• _WORK REQUIRED_
Once the line containing "Comfortable Grip Straight/Bent" is reached in the listing below, reproduce it and all later lines through the final one exactly, but omit any pictures.

——————

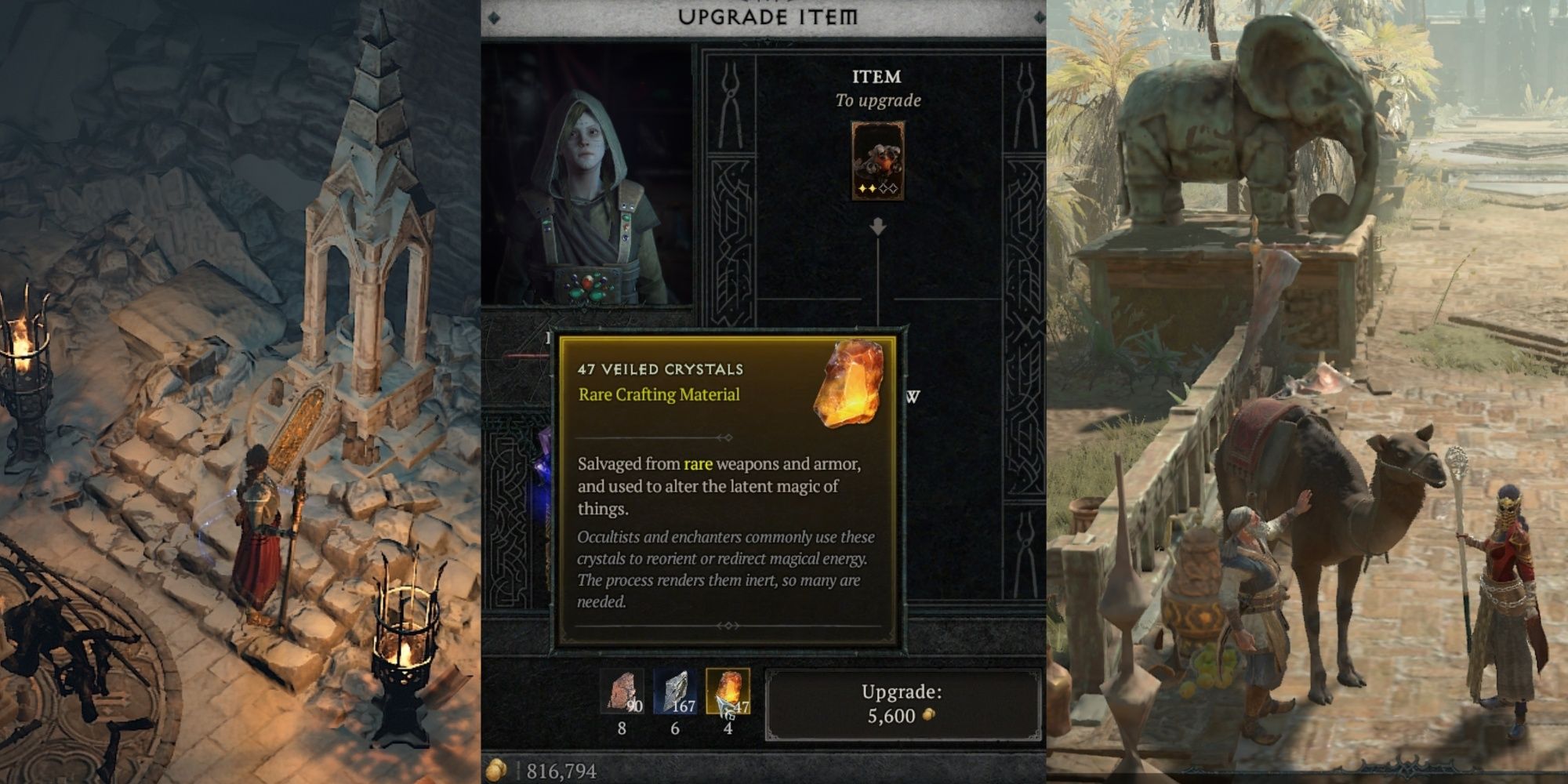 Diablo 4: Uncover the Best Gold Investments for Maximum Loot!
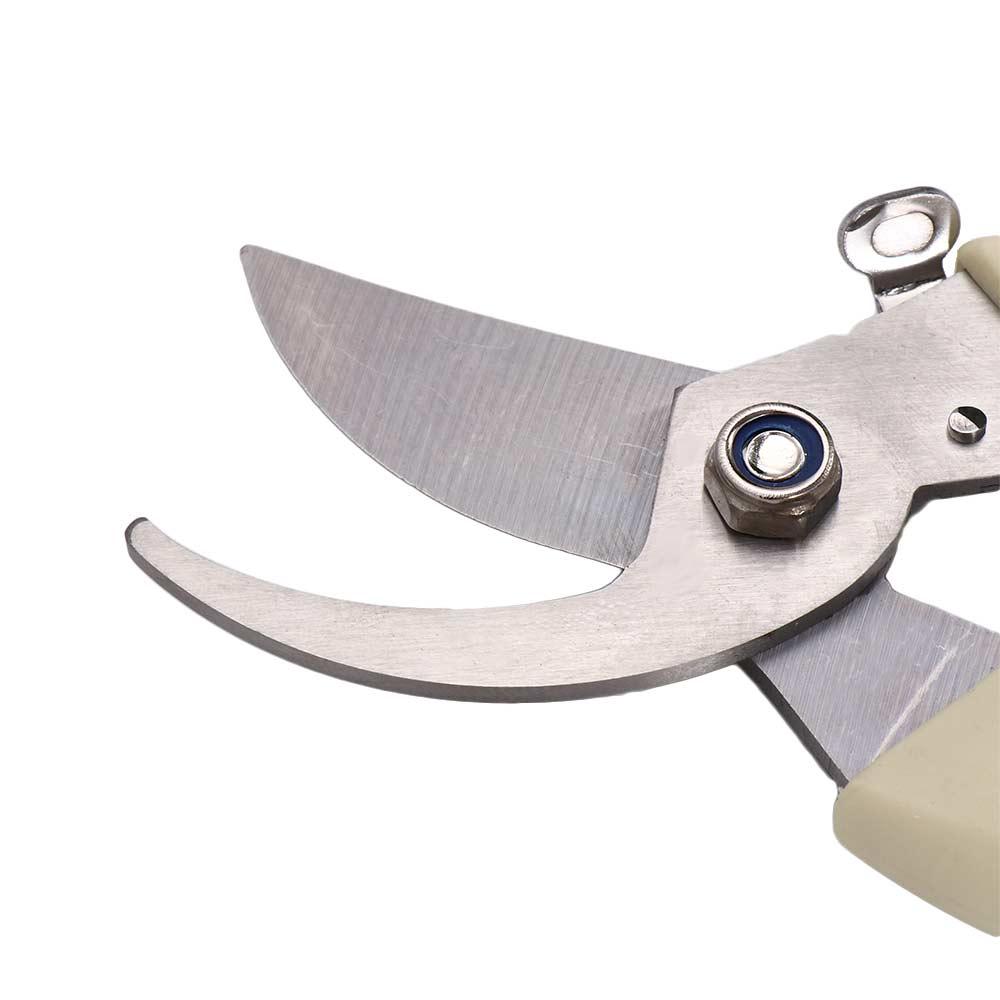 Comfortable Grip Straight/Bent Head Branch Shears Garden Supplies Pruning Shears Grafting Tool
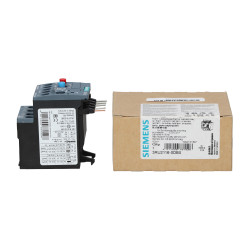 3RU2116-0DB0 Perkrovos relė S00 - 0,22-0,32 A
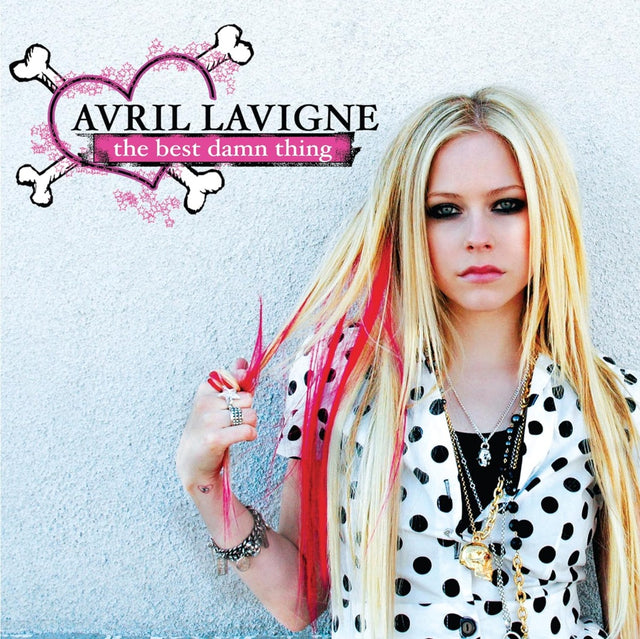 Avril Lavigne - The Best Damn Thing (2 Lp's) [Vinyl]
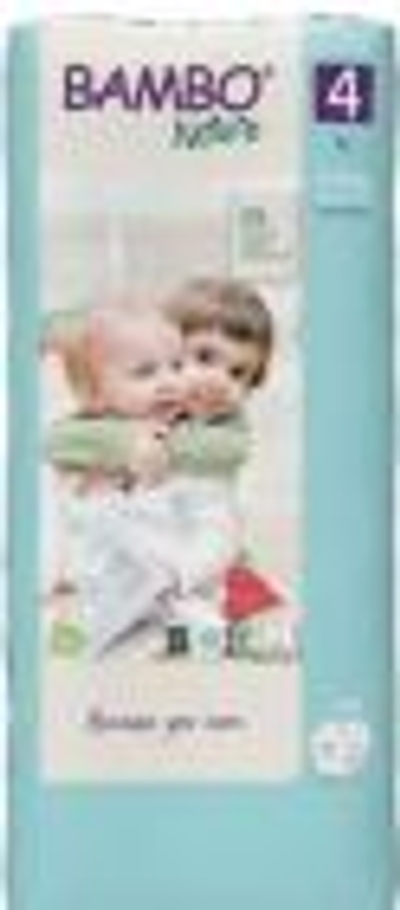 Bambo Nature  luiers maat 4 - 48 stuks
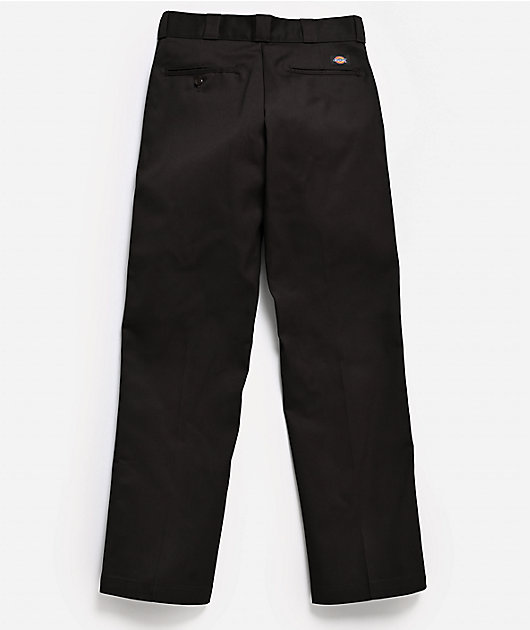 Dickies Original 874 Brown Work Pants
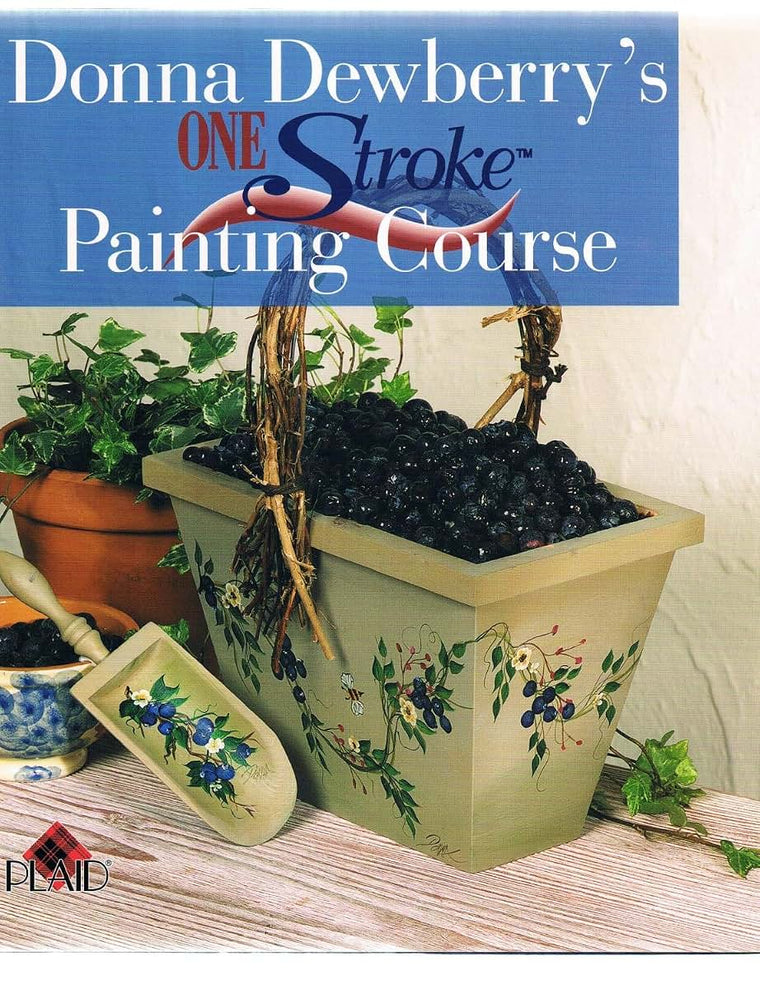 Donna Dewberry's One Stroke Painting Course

——————

• _EXERCISE OUTPUT_
 Comfortable Grip Straight/Bent Head Branch Shears Garden Supplies Pruning Shears Grafting Tool
 3RU2116-0DB0 Perkrovos relė S00 - 0,22-0,32 A
 Avril Lavigne - The Best Damn Thing (2 Lp's) [Vinyl]
 Bambo Nature  luiers maat 4 - 48 stuks
 Dickies Original 874 Brown Work Pants
 Donna Dewberry's One Stroke Painting Course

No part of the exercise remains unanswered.